PDF values for the input X, Y.

Return type:

np.ndarray

plot_dist()[source]

Visualize the joint Probability Density Function (PDF) in 2D and 3D.

LHS: A 2D contour plot with a color bar to represent the PDF values. RHS: A 3D surface plot to show the PDF as a function of X and Y.

The X and Y ranges for the plots are determined based on the bounds provided for the PDF, with slight overextensions to display regions of zero probability.

plot_marginal()[source]

Create a 2x2 grid of plots: - Top left: marginal_pdf_x with signal and background contributions and overall - Top right: marginal_cdf_x with signal and background contributions and overall - Bottom left: marginal_pdf_y with signal and background contributions and overall - Bottom right: marginal_cdf_y with signal and background contributions and overall

plot_profiled_likelihoods()[source]

Plot the profiled log-likelihoods for all parameters in a 3x3 grid with improved formatting.

Returns:

  • A 3x3 grid of plots, where each subplot corresponds to a parameter’s profiled log-likelihood (-ln L) as a function of its value.

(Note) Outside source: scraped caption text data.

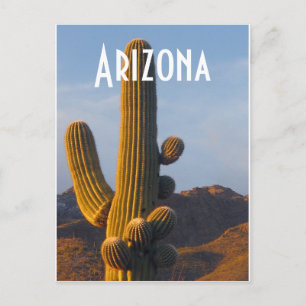 Carte Postale Arizona Sunlit Saguaro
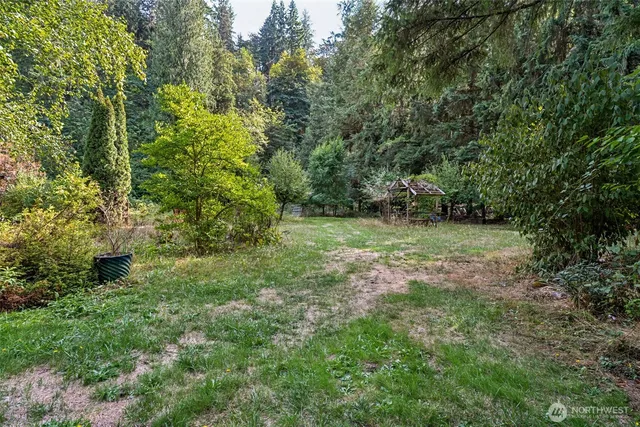 a view of a tree in the middle of a yard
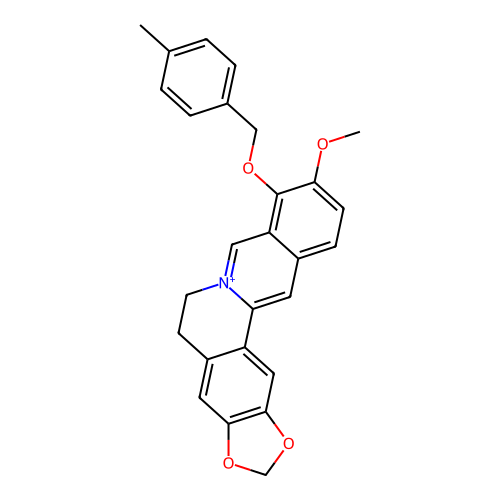 PNG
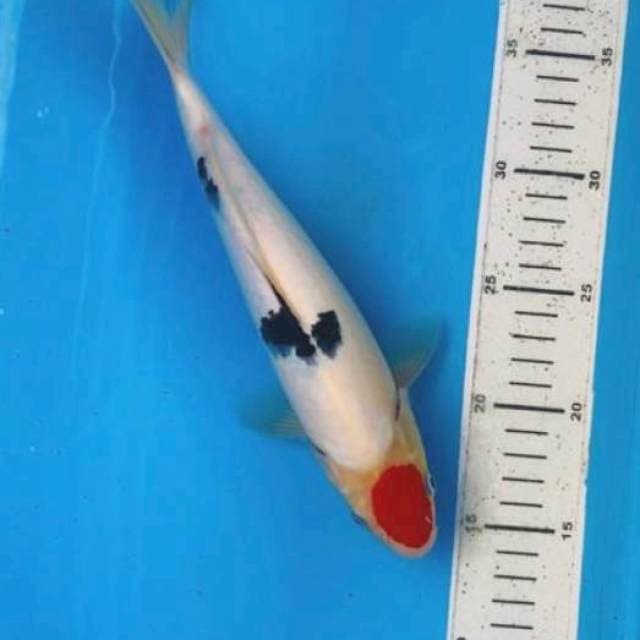 Maruten sanke 27cm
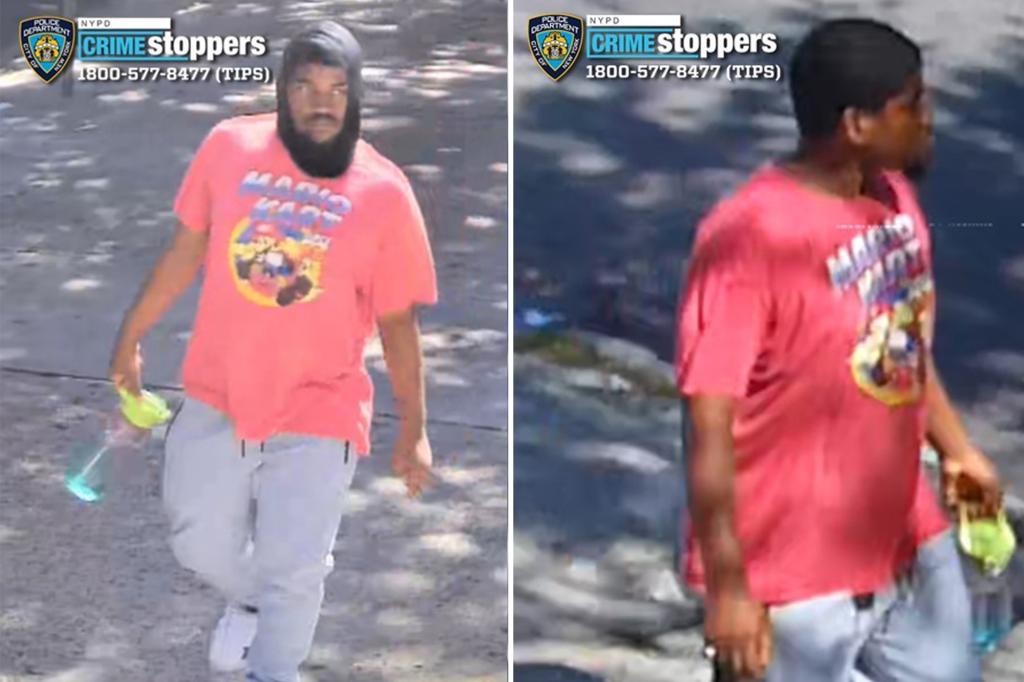 NYC sicko attempted to rape girl, 13, before attacking 15-year-old: cops, sources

  • The plots highlight the 1σ and 2σ confidence intervals for each parameter.

Raises:

ValueError – If the Minuit object (self.mi) is not available. Ensure that the fit_params method has been run successfully before calling this method.

plot_samples(samples=None)[source]

Plot the results of the sampled data in a 2x2 grid: - Top-left: 3D histogram of the joint distribution. - Top-right: Surface plot of the joint PDF. - Bottom-left: Histogram of sampled X values vs marginal PDF. - Bottom-right: Histogram of sampled Y values vs marginal PDF.

Parameters:

samples (np.ndarray, optional) – Array of shape (N, 2) containing the sampled data points (X, Y). If not provided, the method attempts to use self.samples. If neither is available, a ValueError is raised.

Raises:

ValueError – If no samples are provided and no samples are stored in self.samples.